# Yanmar 1700 3 point lift operation



## jjbaker210

I am newbie to tractors and just purchased a Yanmar 1700D. I was hoping someone might explain the 3 point lift controls to me. I know the lever on the right handside lowers and raises the lift arms. My tractor does this just fine. It holds the implement raised and it will lower it all the way. Is it supposed to hold it anywhere in between and what do you use the rotating knob under the seat for. I know it will lock the arms in a certain position but when should you do this? When operating the bush hog should the mower deck sit on the skids when running or is the front supposed to be raised some? I cannot keep it raised with the 3pt lift lever except in the all the way up position. 
Thanks for any help on this. Jeff


----------



## Hoodoo Valley

Welcome to the forum Jeff! The knob under the seat is your "rate of flow" knob and controls how fast the 3 point falls with the lowering lever fully released.. Be sure not to crank it tightly closed because it will cause damage to the valve. You should be able to place your impliment at any point between fully raised and lowered. The brush hog should be elevated off the ground slighly. I hope this helps.


----------



## winston

All these old Yanmars are not created equal. The round handled valve under the seat on a 1700 is only to be used for locking the 3 point in a desired position and not meant to be used while in operation. Some models including my 2002d do use this valve for adjusting drop speed. If you close that stop valve with the lift handle in any position other than all the way up and then pull the lever up higher you stand a good chance of shearing a pump key or destroying your pump. Hope that makes sense. 

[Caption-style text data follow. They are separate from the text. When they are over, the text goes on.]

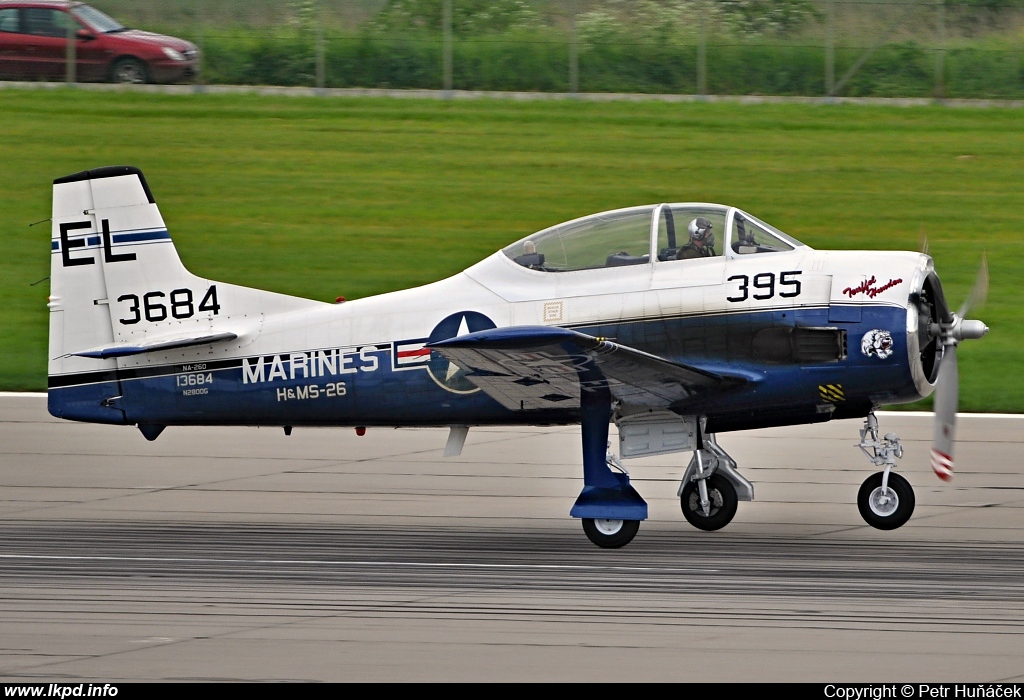 Private/Soukrom – North American T-28A N2800G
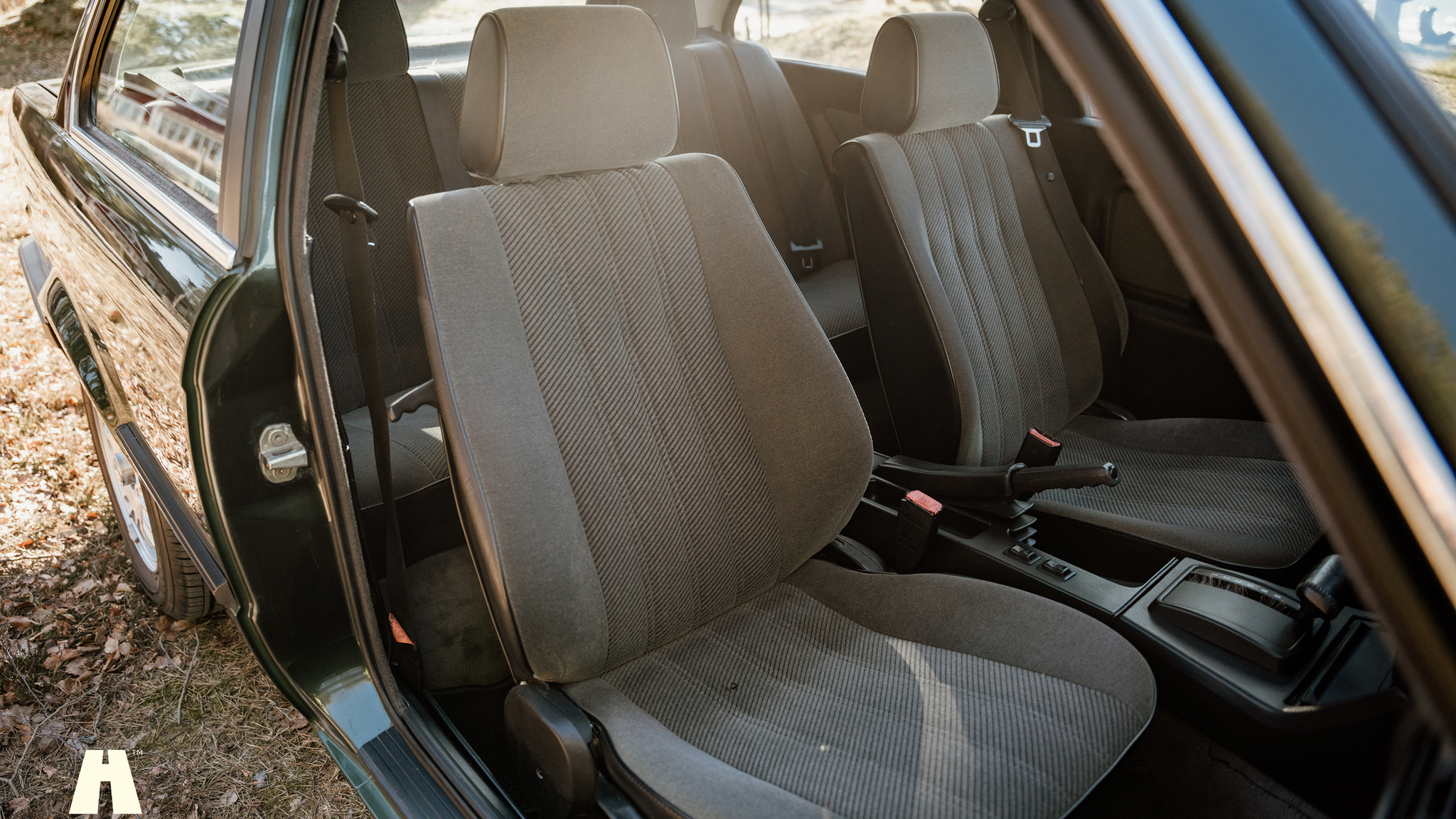 Interior image of 1988 BMW 325 Coupé (4)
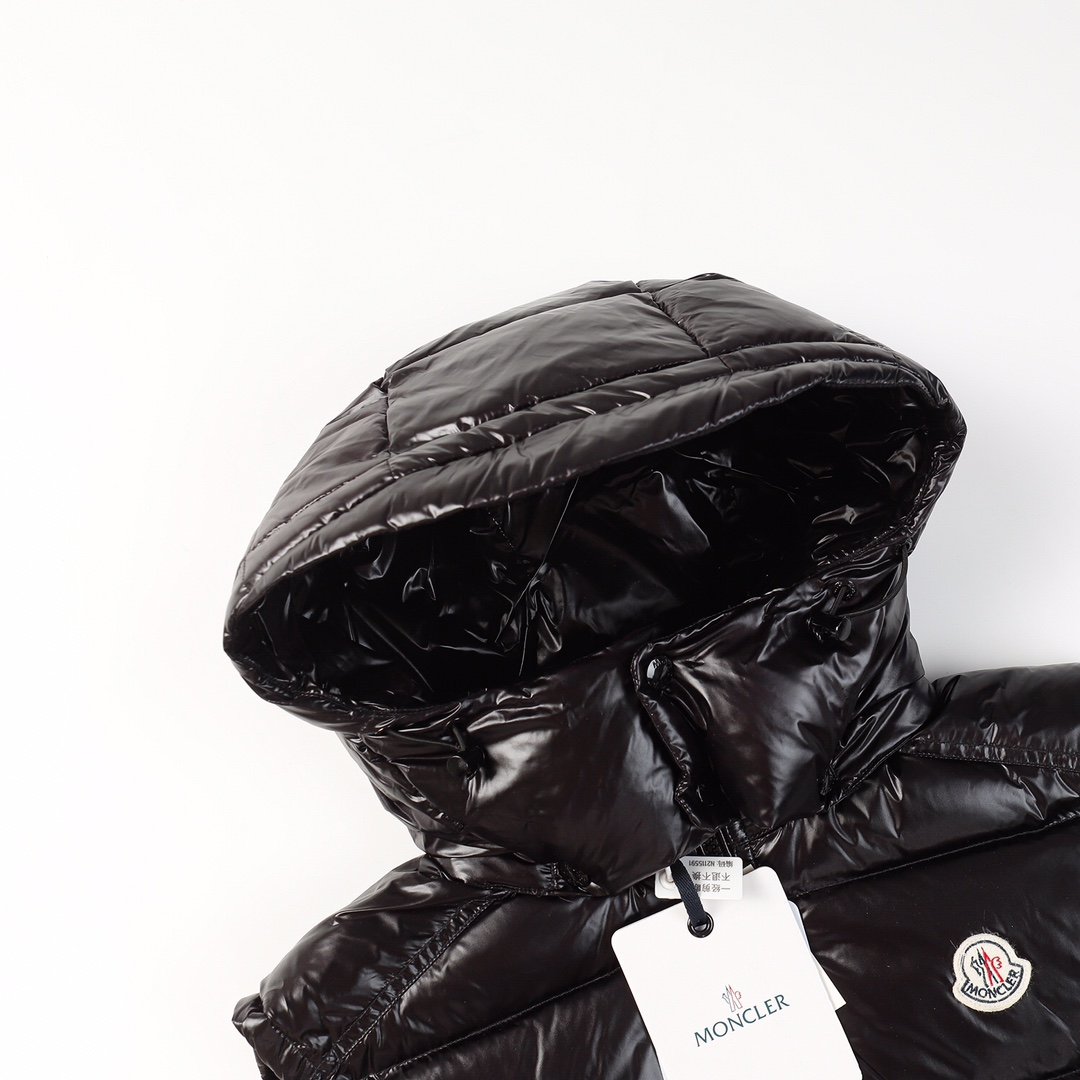 【MONCLER 公式旗艦店】モンクレール ダウンベスト 好評に付き再入荷！ 271017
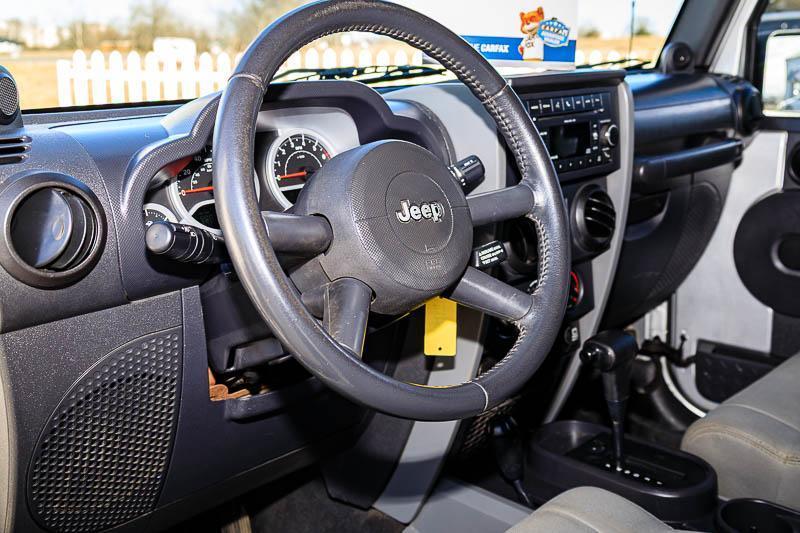 Jeep Wrangler Sport 4WD 2010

The drop speed on a 1700 is to be controlled with this little valve handle. Note the roll pin #14 acts as the handle on shaft #9. It has 3 positions. http://www.hoyetractor.com/mm5/merchant.mvc?Screen=CTGY&Store_Code=HTE&Category_Code=YM17003PTCON


----------



## Mickey

As Winston has said, not all Yanmars operate the same. On mine, the 3pt stays at any hight position set the lift control. Will stay in that position for weeks on end. I normally operate the valve between your legs wide open but have used it to control drop rate when heavy attachments are used.


----------



## jjbaker210

I noticed mine is set up like winston said in his post. After looking at my manual from Hoye I think maybe the adjustment nut and bolt on my position control lever are all rusted. So I may replace those. Some one also suggested using a check chain on the mower because the float position is with the lever all the way forward any way. Thanks for the help. Jeff


----------